The Quitzdorf Reservoir, Saxony’s largest reservoir in terms of area, has repeatedly made the local headlines in recent years [1, 2, 3]. Recurrent blue-green algae blooms and declining water levels during dry periods impaired the dam's function for local recreation, fishing and flexible control of downstream flows. The federal budget has earmarked 20 million euros for the complex renovation of the dam by the year 2026 [4]. However, there is a growing awareness that a sustainable solution to the problem must also strengthen the catchment's ability to effectively retain water and nutrients, especially phosphorus, which enters the river network through soil erosion. The German OPTAIN case study refers to the main catchment of the reservoir, an agricultural catchment of about 137 km², whose main river is the Schwarzer Schöps. Together with local stakeholders from different sectors (water, agriculture, nature and landscape conservation), we have selected and documented promising Natural/Small Water and Nutrient Retention Measures (NSWRM) [5, 6]; the effectiveness of which will be simulated with the integrated watershed model SWAT+ [7]. The routing of water and nutrient fluxes across the landscape through the model was extended in OPTAIN to allow a detailed assessment of the effectiveness of NSWRM at individual sites [8].
Location and land use of the German case study ‘Schwarzer Schöps’. Data sources: ATKIS land cover (modified) and AECS field boundaries from the year 2021
Which NSWRMs are investigated?
The most important types of NSWRMs for the German Multi-Actor Reference Group (MARG), which can also be modelled in the project, are riparian buffers, grassed waterways and hedgerows as linear landscape structures, and reduced tillage and cover crops as soil management practices. The OPTAIN team added detention ponds to the list of measures to also consider a more technical type of NSWRM.
The mapping of potential implementation sites for each type of NSWRM in the catchment was also carried out in close collaboration with the MARG and can be summarised as follows:
Grassed Waterways
Where: Erosive slopes [9] in close distance/connection to river network (n=34).

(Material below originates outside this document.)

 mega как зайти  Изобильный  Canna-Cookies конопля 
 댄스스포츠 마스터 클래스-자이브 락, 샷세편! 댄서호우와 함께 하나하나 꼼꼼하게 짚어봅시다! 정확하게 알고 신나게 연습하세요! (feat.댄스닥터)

Model assumption: Permanent grass strip of 30 m width.
Hedgerows
Where: In fields with exceptionally low density of semi-natural habitats (SNH) in the surrounding area, if possible along contour lines and connecting existing SNH (n=28).
Model assumption: Deciduous forest strip of 15 m width; pruning every 5 years.
Grassed riparian buffer
Where: Fields without existing ‘green’ buffer along streams (n=30).
Model assumption: Permanent grass strip of 12 m width (towards the center of the channel/stream).
Low tillage combined with cover crop
Where: Fields with high potential erosion risk (on average > 15 t/ha,a) according to LfULG risk map (31% of total area) [10].
Model assumption: Lower tillage depth (max. 12 cm), no autumn furrow, instead winter cover crop before corn, sugar beet or spring barley
Detention ponds
Where: At the end of erosive slopes with close connection to streams and a minimum drainage area of 50 ha (n=9).
Model assumption: Depending on site, principal volume of 700-1700 m³ and emergency volume of 1300-3200 m³; drawdown from emergency to principal spillway within 2 days.
We modelled scenarios for each type of NSWRM and a combined scenario, assuming that all measures were implemented simultaneously. Simulations were performed for both the current climate and the future climate projected by EURO-CORDEX, considering six downscaled and bias-corrected Regional Climate Models (RCMs), three Representative Concentration Pathways (RCPs 2.6, 4.5, and 8.5) and three time slices (historical – 1991-2020, near future – 2036-2065, far future – 2071-2099). The modelling results of all OPTAIN case studies (where available) are reported in project Deliverable 4.4 [8]. They are briefly summarized below for the German case study.
Low tillage, combined with cover crops, and grassed waterways were found to be the most effective NSWRMs.
The results show that NSWRMs can be very effective in retaining phosphorus (P) in the catchment area. A model scenario in which all six types of NSWRM are implemented simultaneously at all potential sites would reduce P losses from agricultural land by ~40% and reduce the average P river load to the Quitzdorf Reservoir by up to 1800 kg per year. This is an extreme scenario revealing the maximum possible retention potential of NSWRMs in the Schwarzer Schöps catchment. The performance of NSWRMs varied strongly between sites, indicating that cost-efficient solutions need to consider spatially targeted NSWRM implementation schemes.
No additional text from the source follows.